You already see this in some cases, for example the NonZero<T> generic type can be viewed as a T endowed with a capability or token that just says "this particular value of type T is nonzero, so the zero value is available for niche purposes". But this could be expanded a lot, especially with some AI assistance.
This already happens all the time in rust, including in the standard library. The typical pattern is to define your CheckedType to be
pub struct CheckedType(UncheckedType);
e.g. where its inner field is private. Then, you only present safe constructors that check your invariant, and only provide methods that maintain the invariant.
For a concrete example, String in rust is a Vec<u8> with the guarantee that the underlying bytes correspond to valid UTF8. Concretely, it is defined as
#[derive(PartialEq, PartialOrd, Eq, Ord)] #[stable(feature = "rust1", since = "1.0.0")] #[lang = "String"] pub struct String { vec: Vec<u8>, }
You can construct a string from a vec of bytes via
fn from_utf8(vec: Vec<u8>) -> Result<String, _>;
as well as the unsafe method
unsafe fun from_utf8_unchecked(vec: Vec<u8>) -> String;
Note here that there isn't a separate capability/token though. This is typically viewed as bad practice in rust, as you can always ignore checking a capability/token. See for example rust's mutexes Mutex<T>, which carry the data (T) that you want access to themself. So, to get access to the data, you must call .lock(). There is a similar philosophy behind Rust's `Result` type. to get data underlying it, you must handle the possibility of an error somehow (which can include panicing upon detecting the error of course).
Yes, or you could review the code.
It’d only take an hour if you reviewed a million lines per hour
[Sorry guys, I couldn't review this code because I generated it all]

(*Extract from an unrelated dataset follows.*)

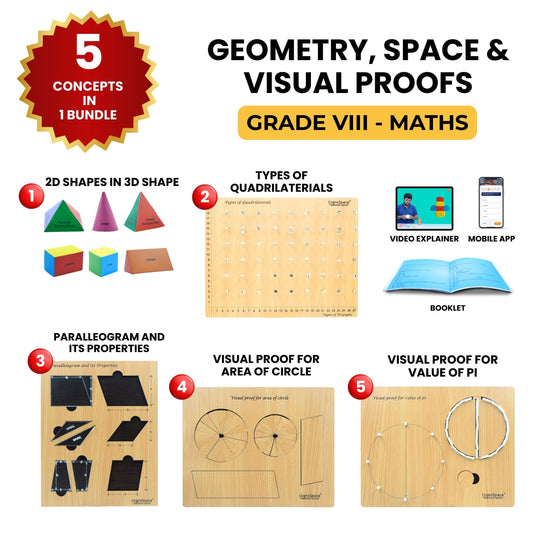 Practiko Class 8 Math Kit – Geometry, Space & Visual Proofs experiment setup; Student performing Geometry, Space & Visual Proofs activity – Practiko math learning kit; Math concept demonstration from Geometry, Space & Visual Proofs kit by Practiko; Hands-on learning with Practiko Geometry, Space & Visual Proofs math STEM kit; Geometry, Space & Visual Proofs kit materials and tools for Grade 8 math experiments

Even before AI, deterministic checks by compilers are almost always better than "review the code"
"review the code" as a solution will eventually fail and cause a problem, even pre-AI.
The entire point of unsafe blocks and SAFETY comments is that they are easy for humans to find and audit, but not compiler checkable. If it can be compiler-checked by some clever token system, then ... it's just plain safe rust, and you don't need to document any special safety invariants in the first place
even when you can review the code, it's good to have the compiler check for you. This is for similar reasons why it's better to have CI check correctness on each code change, vs testing the code thoroughly one time, and then being careful going forward.